Anche a Cologno Monzese, l’Amministrazione Comunale e in particolare l’Assessorato della Pubblica Istruzione coordina interventi mirati a far svolgere a  militari ed appartenenti alle forze di polizia una funzione educativa che intralcia quella  prevista dai programmi scolastici.

Ci si riferisce in particolare all’ iniziativa del 20 gennaio che invita i genitori a recarsi alla “Festa del Santo Patrono della Polizia Locale San Sebastiano” e chiede loro anche che alcuni dei loro figli, “individuati dall’Istituto Comprensivo Manzoni ad indirizzo musicale” vadano a cantare l’inno d’Italia (o di Mameli) accompagnati dalla Banda Musicale di Cologno Monzese.

Una iniziativa precedente (“Festa del Tricolore”), sempre voluta dalla P.I., si è svolta il 12 Gennaio scorso con un incontro nella Sala Comunale per spiegare agli studenti dell’Istituto scientifico Leonardo da Vinci di Cologno  la storia della nostra bandiera nazionale.

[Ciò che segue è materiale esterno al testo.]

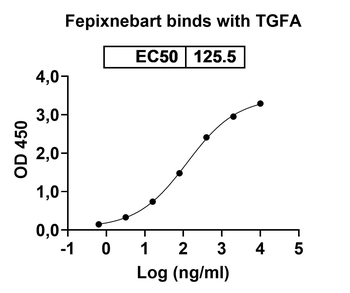 Fepixnebart Human Monoclonal Antibody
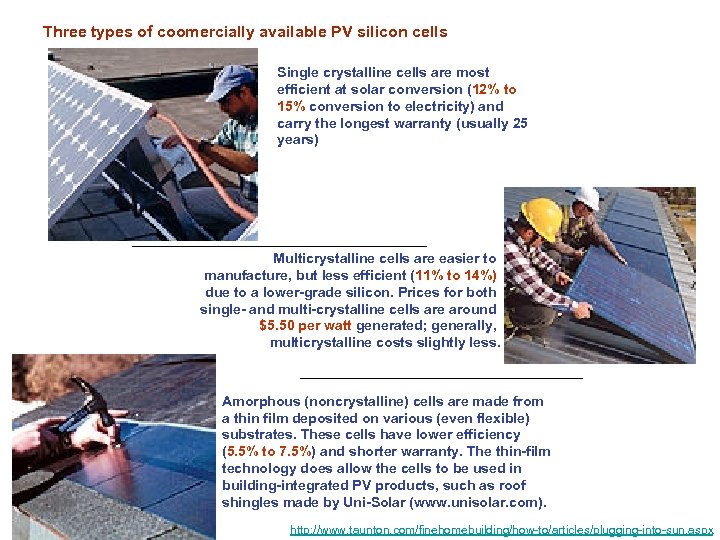 Three types of coomercially available PV silicon cells Single crystalline cells are most efficient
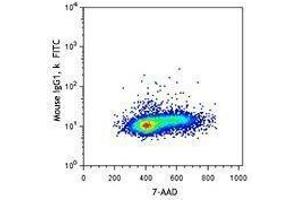 Flow Cytometry (FACS) image for anti-Bromodeoxyuridine (BrdU) antibody (FITC) (ABIN2661345) (BrdU Antikörper  (FITC))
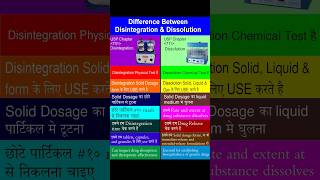 Disintegration vs Dissolution Whats the Difference viral share new [upl. by Anyaj]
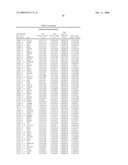 Gene Expression Profiles Associated with Asthma Exacerbation Attacks diagram and image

Alcuni cittadini sono preoccupati per il fatto che:

– i rappresentanti delle forze dell’ordine si sostituiscono agli insegnanti nella normale funzione educativa rivolta ai ragazzi;

non è previsto dall’Amministrazione e dall’Assessore in questione un confronto democratico che tenga conto anche delle critiche all’uso repressivo delle forze dell’ordine che, oggi come in passato, viene utilizzato contro le rivendicazioni dei lavoratori o dei movimenti anti-militaristi e pacifisti;

–  l’Amministrazione comunale, che approva così facilmente tali iniziative, non ne abbia finora promossa nessuna contro i pericoli di impoverimento culturale e  il crescente disagio sociale delle periferie.”